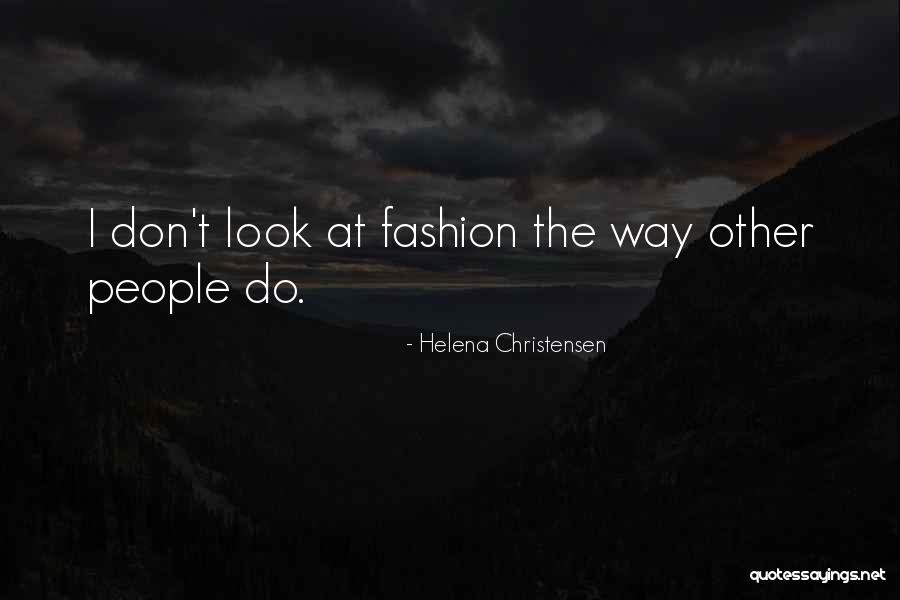 Wardley Shrimp Quotes By Helena Christensen Wardley Shrimp Quotes By Helena Christensen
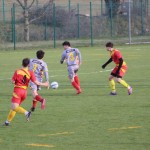 Nogomet 3. A.L. : Primorje - Prosecco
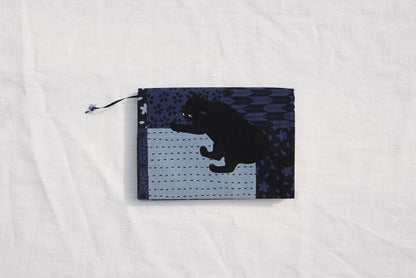 A5/A6 Notebook & Journal Cover (Random Cat Pose) - Made by Frey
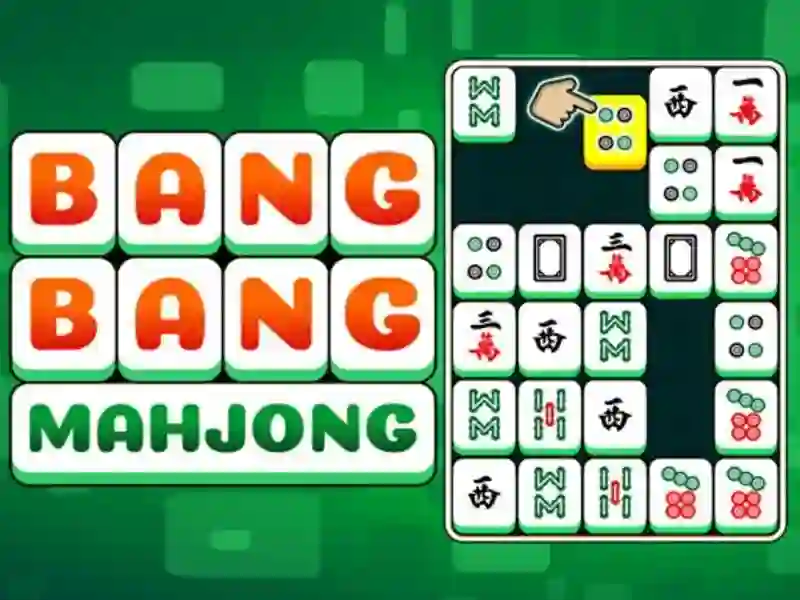 Bang Bang Mahjong เกมออนไลน์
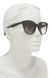 Солнцезащитные очки Salvatore Ferragamo черные 54mm Cat Eye Sunglasses 8073 фото 8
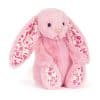 Jellycat - Blushkin Blossom Luxe Bunny Original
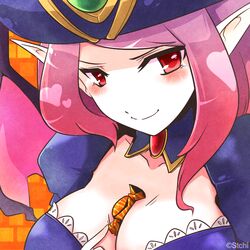 morgana from league of legends by stchi.wong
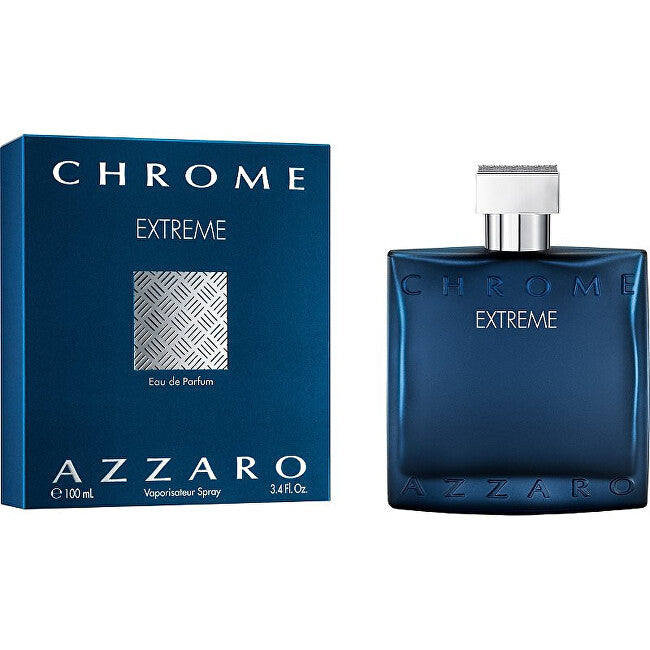 AZZARO  Chrome Extreme EDP M 100 ml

* **TO DO**:
The response is to contain exactly the lines from the beginning of the data through the line containing "morgana from league of legends by stchi.wong", both ends included, and nothing else; omit the pictures.

* **EXERCISE ANSWER**:
 Wardley Shrimp Quotes By Helena Christensen Wardley Shrimp Quotes By Helena Christensen
 Nogomet 3. A.L. : Primorje - Prosecco
 A5/A6 Notebook & Journal Cover (Random Cat Pose) - Made by Frey
 Bang Bang Mahjong เกมออนไลน์
 Солнцезащитные очки Salvatore Ferragamo черные 54mm Cat Eye Sunglasses 8073 фото 8
 Jellycat - Blushkin Blossom Luxe Bunny Original
 morgana from league of legends by stchi.wong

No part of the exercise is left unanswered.